Dopo un giro in paese e un veloce pranzo in un bar, partiamo in direzione sud: scartiamo Le Havre sulla scorta di racconti poco esaltanti trovati in rete e dell’esiguità dello spazio che gli dedica la nostra guida del Touring, e ritengo tuttora che sia stata una scelta giusta. Attraversiamo l’ardito ponte di Normandia e giungiamo a Honfleur; purtroppo ha ricominciato a piovere e la gran quantità di auto in giro ci costringe pure ad un parcheggio remoto. Il centro della cittadina si sviluppa alle spalle del rettangolare bacino portuale (vieux bassin), sulle cui banchine si alternano un numero incredibile di bar e ristoranti dagli ingombranti dehors. Fuori dall’orario pasti sembra quindi non esserci motivo per andare ad Honfleur, ma i palazzi che si allineano sul bacino sono veramente belli, e poco dietro troviamo anche un paio di vie interessanti e la piazza con la curiosa chiesa di Sainte-Catherine, costruita in legno nel XV secolo dai maestri d’ascia del luogo.

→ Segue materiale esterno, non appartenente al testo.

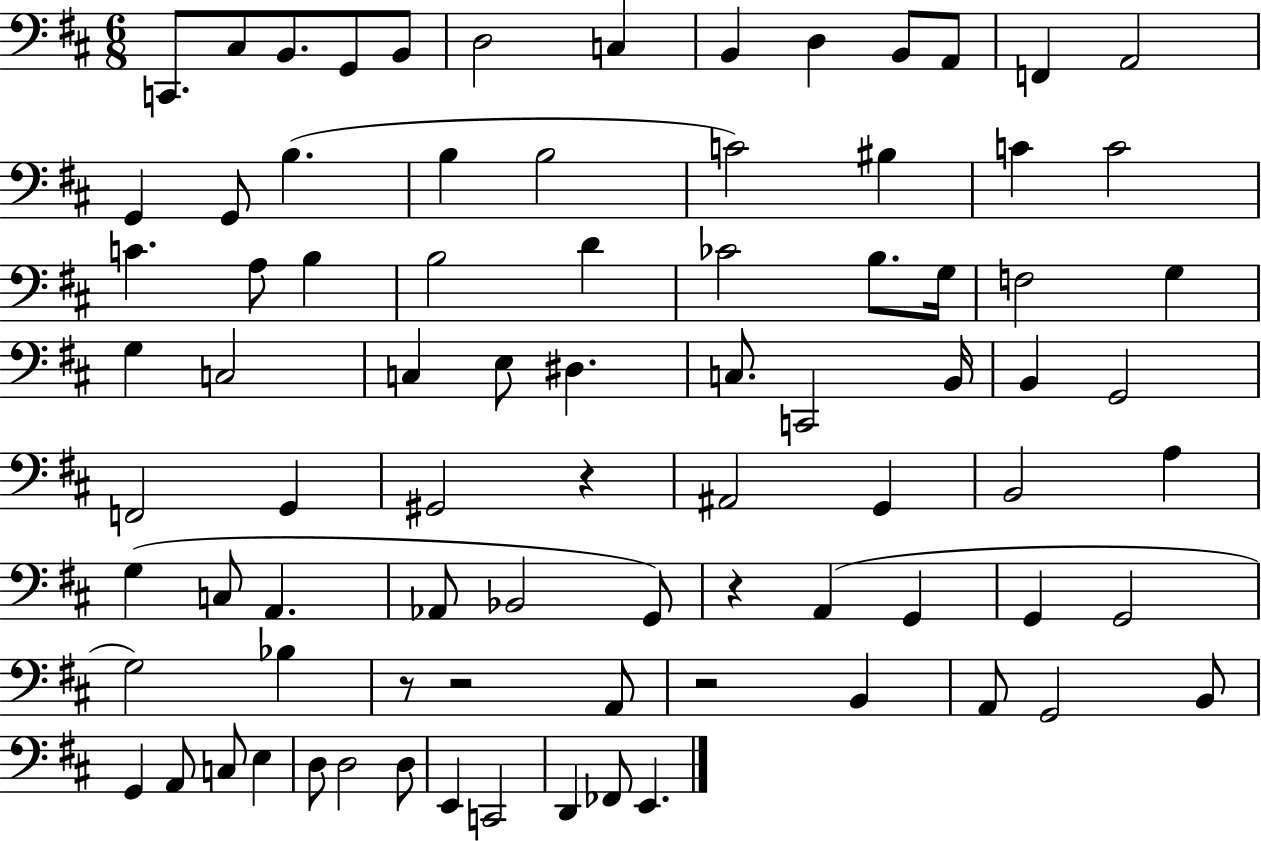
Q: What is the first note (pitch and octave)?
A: C2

Ripartiamo alla volta di Deauville e Trouville, due cittadine attigue senza soluzione di continuità, dove si contano diversi casinò e locali di ogni genere, ma apparentemente non c’è nulla di interessante da visitare. Poco male, perché ormai è tardo pomeriggio e dobbiamo ancora cercare sistemazione per la notte; gli hotel in zona sono imballati, e così ci spingiamo qualche km a sud trovando posto all’hotel “de la Mer” nel paesino di Blonville-s-Mer. La sera ceniamo a Trouville e poi gironzoliamo a piedi nei paraggi; c’è una grossa spiaggia molto ben attrezzata e un porto canale dove è evidente l’effetto della marea: in quel momento è davvero bassa e molte imbarcazioni giacciono appoggiate al fondale.

3° Giorno - (21/08/2007) Da Caen a Mont St-Michel
Dopo un’ottima colazione partiamo alla volta di Caen, che dista solo una cinquantina di chilometri, e parcheggiamo a fianco del castello Ducale. Saliamo sulle sue mura per avere una veduta d’insieme della città, ma nel giro di poco comincia a piovere. Camminiamo poi un bel po’ per raggiungere un’altro punto d’interesse, l’Abbaye aux Hommes, che comprende l’interessante chiesa abbaziale di Santo Stefano e fiancheggia il municipio. Torniamo infine volentieri all’auto, anche se nel frattempo ha fatto capolino il sole, e ci sfiora il pensiero che questa meta forse poteva essere evitata.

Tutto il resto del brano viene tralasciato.